For the last several years, Colombia's Alvaro Uribe has maintained a tricky alliance with both the U.S. and Venezuela, maintaining strong economic and diplomatic ties with both countries. While the U.S. continues funneling military aid to Colombia through Plan Colombia, Colombia has maintained a huge export business with a longtime adversary of the U.S. government, Venezuela. Chavez and Uribe’s friendship has paid off over the years, particularly when Chavez helped broker the release of dozens of FARC hostages back in 2003.

Yet the recent agreement by Colombia to allow seven of its military bases to be used by the U.S. for counternarcotics and antiterrorism operations has soured relations. As of this week, Venezuela has closed its borders for some Colombian exports, and Chavez has pulled his ambassador out of Bogota. Chavez has stated that he will "freeze" relations with Colombia, and that Venezuela is not dependent on the country for imports.

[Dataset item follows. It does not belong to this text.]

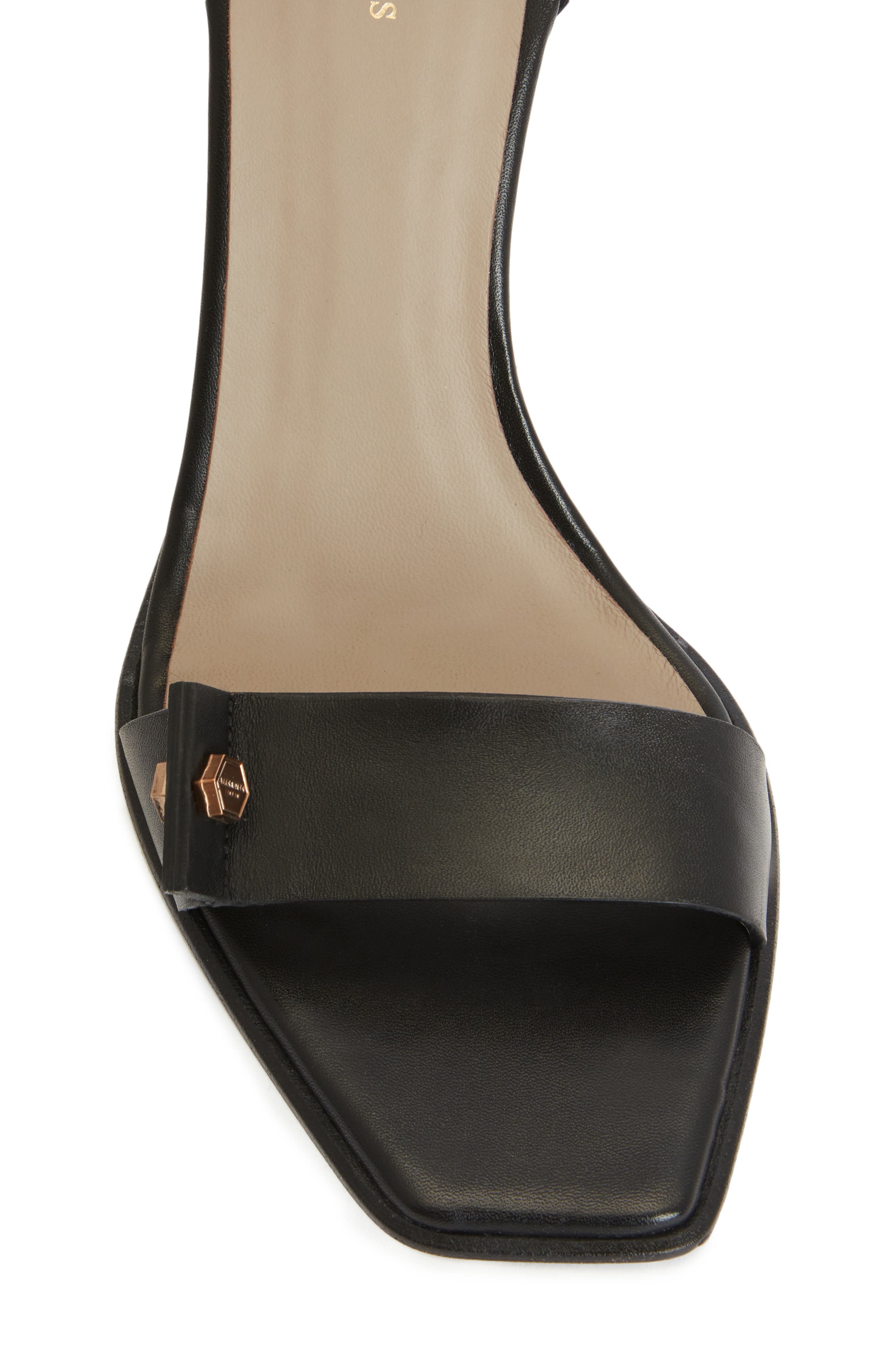 AllSaints Betty Ankle Strap Sandal, Alternate, color,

In the wake of the report, the Colombian peso fell in value for the first time in a month, after having been the world’s best performing currency for four months.
 
However, even as Chavez says that Venezuela can survive without Colombia’s imports, the standoff seems like it would hurt his country much more than Colombia. Venezuela has been the main market for Colombia’s non-traditional exports in plastics, poultry, textiles, and other exports. In the first five months of ’09, Venezuela absorbed 33 percent of Colombia’s exports, followed by the U.S. taking in 19.6 percent. Analysts quoted by Bloomberg News stated that Venezuela would suffer in worsening food shortages, which would increase the country’s already high inflation and put more pressure on their deficit. Then there’s the effect on Venezuela’s petroleum industry. Venezuela looks to Colombia for imports of 300 million cubic feet of natural gas a day, and that gas is required for the country’s oil reservoirs to increase pressure and boost production, and as raw material for the petrochemical industry.

The question now becomes whether either country will flinch. Uribe has garnered sympathy for the new bases from Uruguay and Brazil. Also, Uribe has built up foreign investment in his country by building confidence in counternarcotics and antiterrorism programs that the U.S. has funded. In 2007, BusinessWeek hailed the new Colombia as the most “extreme emerging market” in the world, because Uribe had successfully changed the country’s image from a haven for drugrunners to a center for investors. If Uribe can find alternatives to Venezuela for the country’s exports, he may not need to continue relations with Chavez.
 
And if so, the Colombian truckers now stalled at the Venezuelan border may find cause to turn around and never look back.